• **What you have to do**:
Look below for the line containing "Câmara de Rio" and the line containing "Портрет девушки с", then set down both and every line between them exactly, without pictures.

Source data:
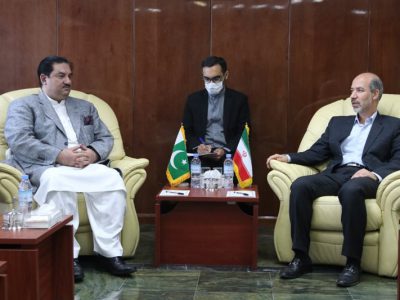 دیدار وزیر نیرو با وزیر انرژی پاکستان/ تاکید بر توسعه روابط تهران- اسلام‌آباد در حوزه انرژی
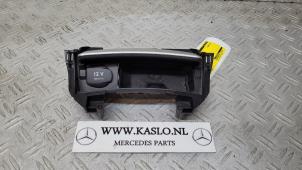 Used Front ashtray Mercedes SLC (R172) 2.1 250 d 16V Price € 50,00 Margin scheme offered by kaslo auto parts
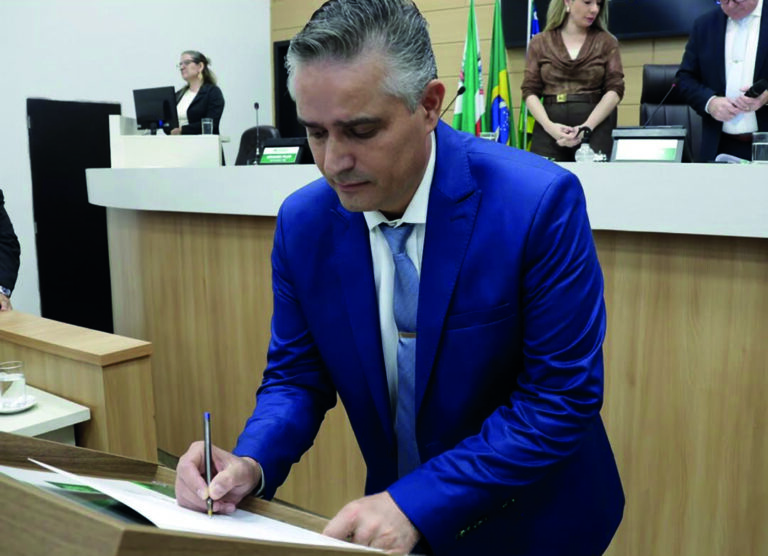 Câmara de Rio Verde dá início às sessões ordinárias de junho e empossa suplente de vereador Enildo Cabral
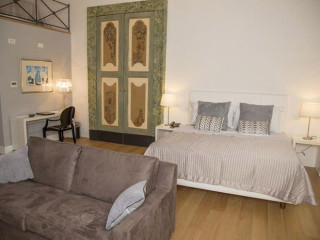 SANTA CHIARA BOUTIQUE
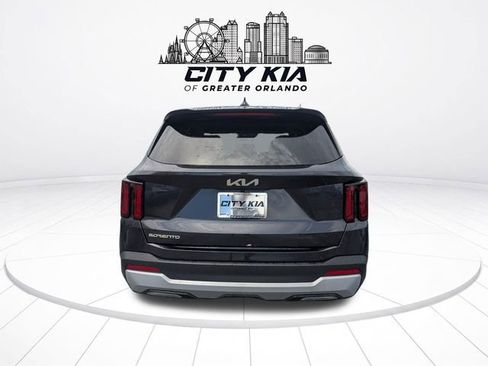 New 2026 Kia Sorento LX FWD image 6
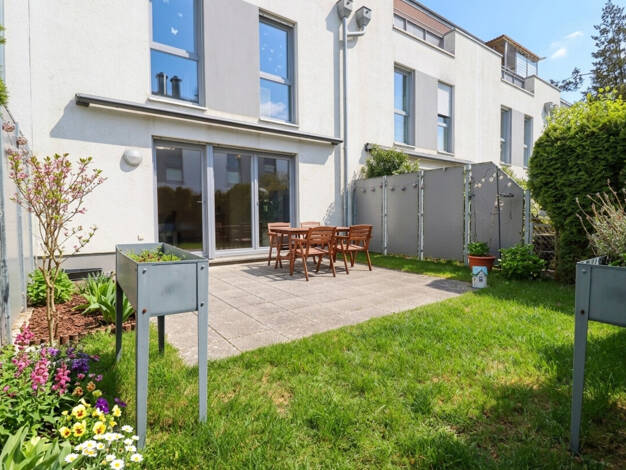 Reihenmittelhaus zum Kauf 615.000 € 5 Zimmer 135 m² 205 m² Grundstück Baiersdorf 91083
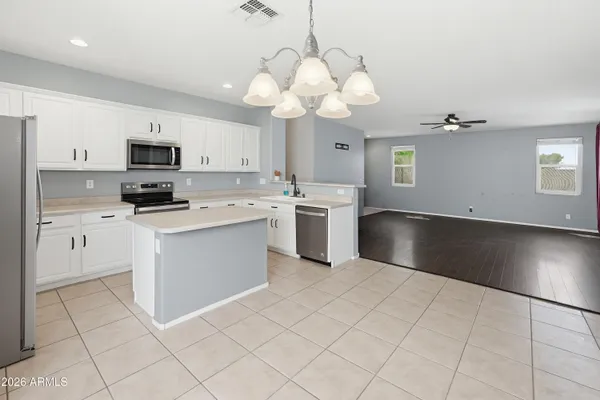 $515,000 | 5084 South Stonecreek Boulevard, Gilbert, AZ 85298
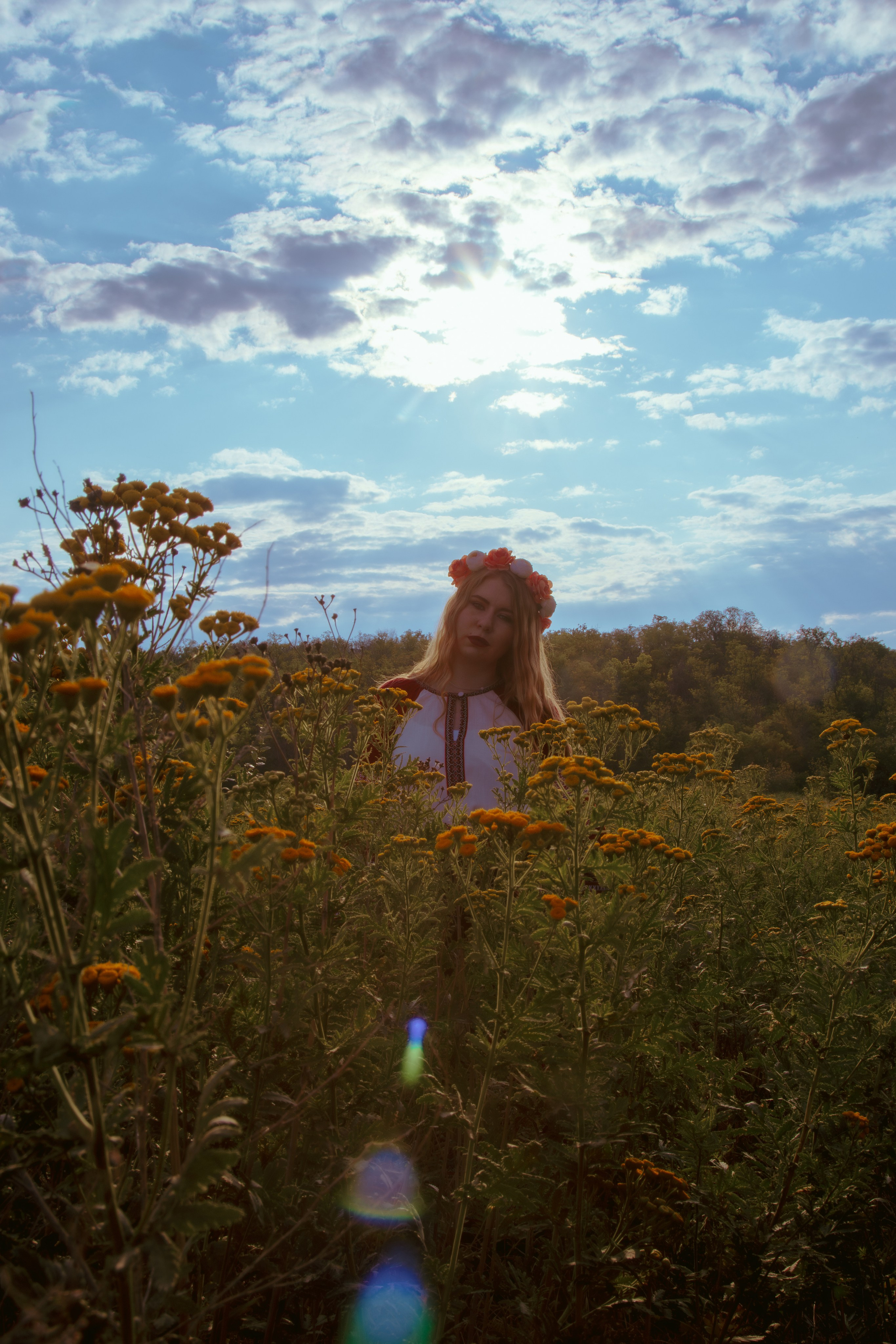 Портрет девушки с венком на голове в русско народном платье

--

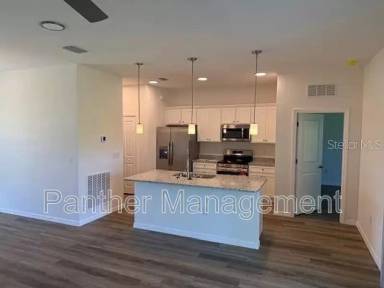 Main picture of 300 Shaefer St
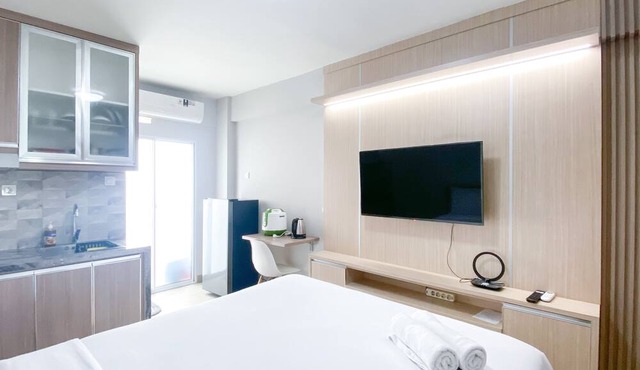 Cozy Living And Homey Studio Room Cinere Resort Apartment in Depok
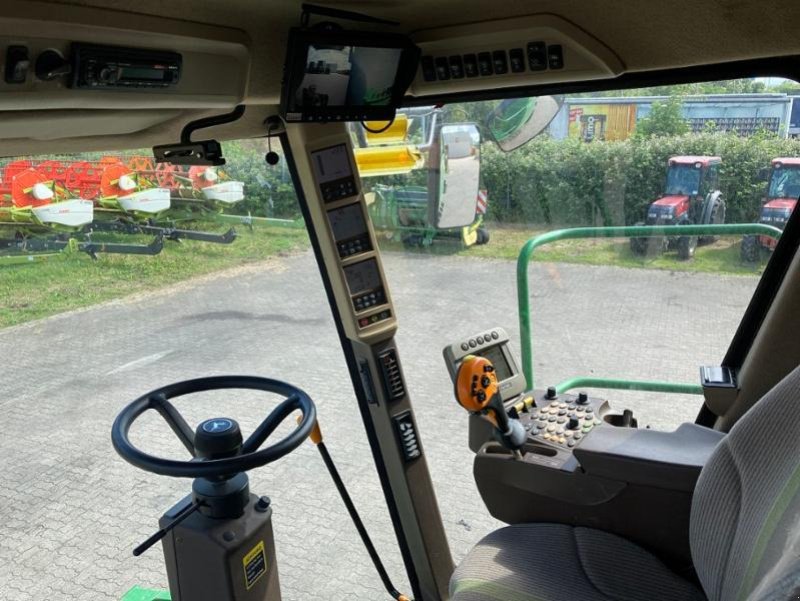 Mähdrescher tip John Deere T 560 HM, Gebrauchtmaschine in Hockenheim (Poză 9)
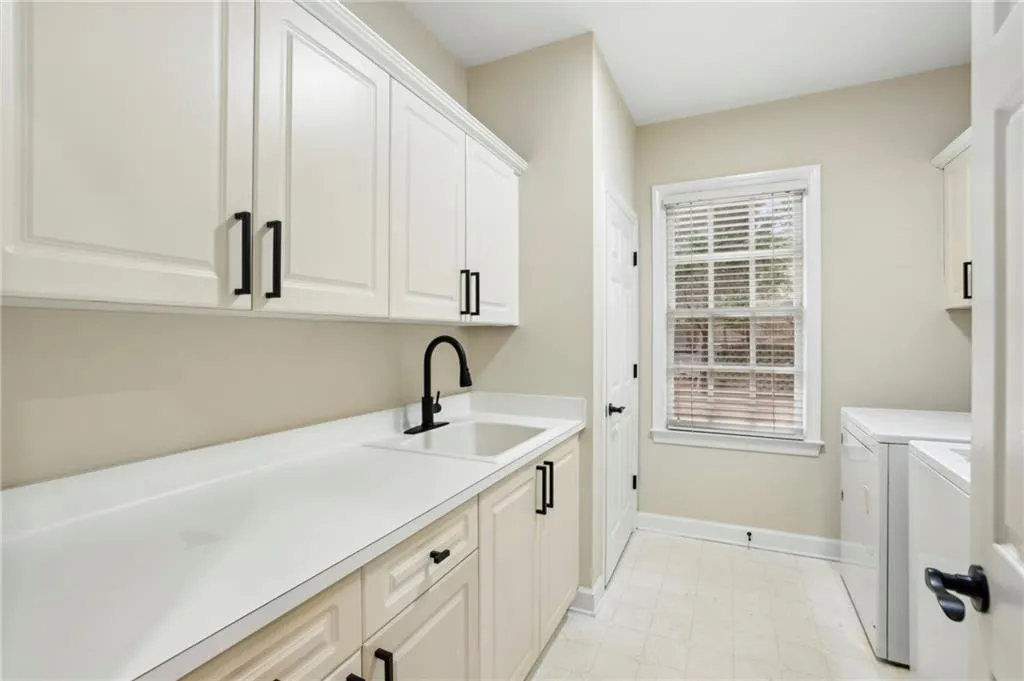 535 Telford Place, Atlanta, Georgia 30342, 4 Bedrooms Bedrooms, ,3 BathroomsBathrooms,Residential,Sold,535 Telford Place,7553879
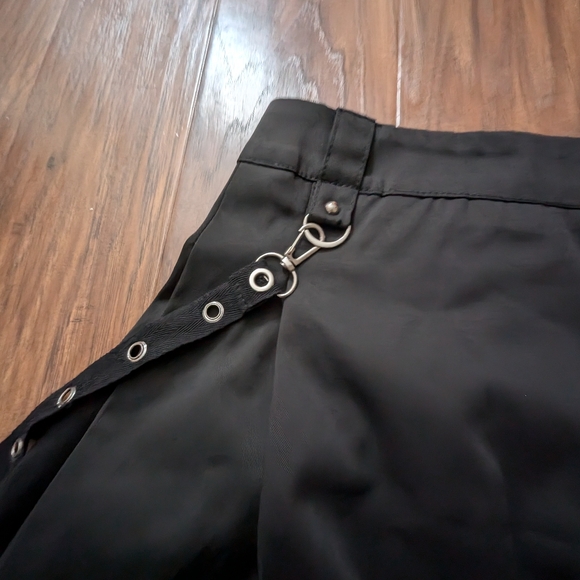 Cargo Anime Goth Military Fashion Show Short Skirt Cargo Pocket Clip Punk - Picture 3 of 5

• **Problem solution**:
 Câmara de Rio Verde dá início às sessões ordinárias de junho e empossa suplente de vereador Enildo Cabral
 SANTA CHIARA BOUTIQUE
 New 2026 Kia Sorento LX FWD image 6
 Reihenmittelhaus zum Kauf 615.000 € 5 Zimmer 135 m² 205 m² Grundstück Baiersdorf 91083
 $515,000 | 5084 South Stonecreek Boulevard, Gilbert, AZ 85298
 Портрет девушки с венком на голове в русско народном платье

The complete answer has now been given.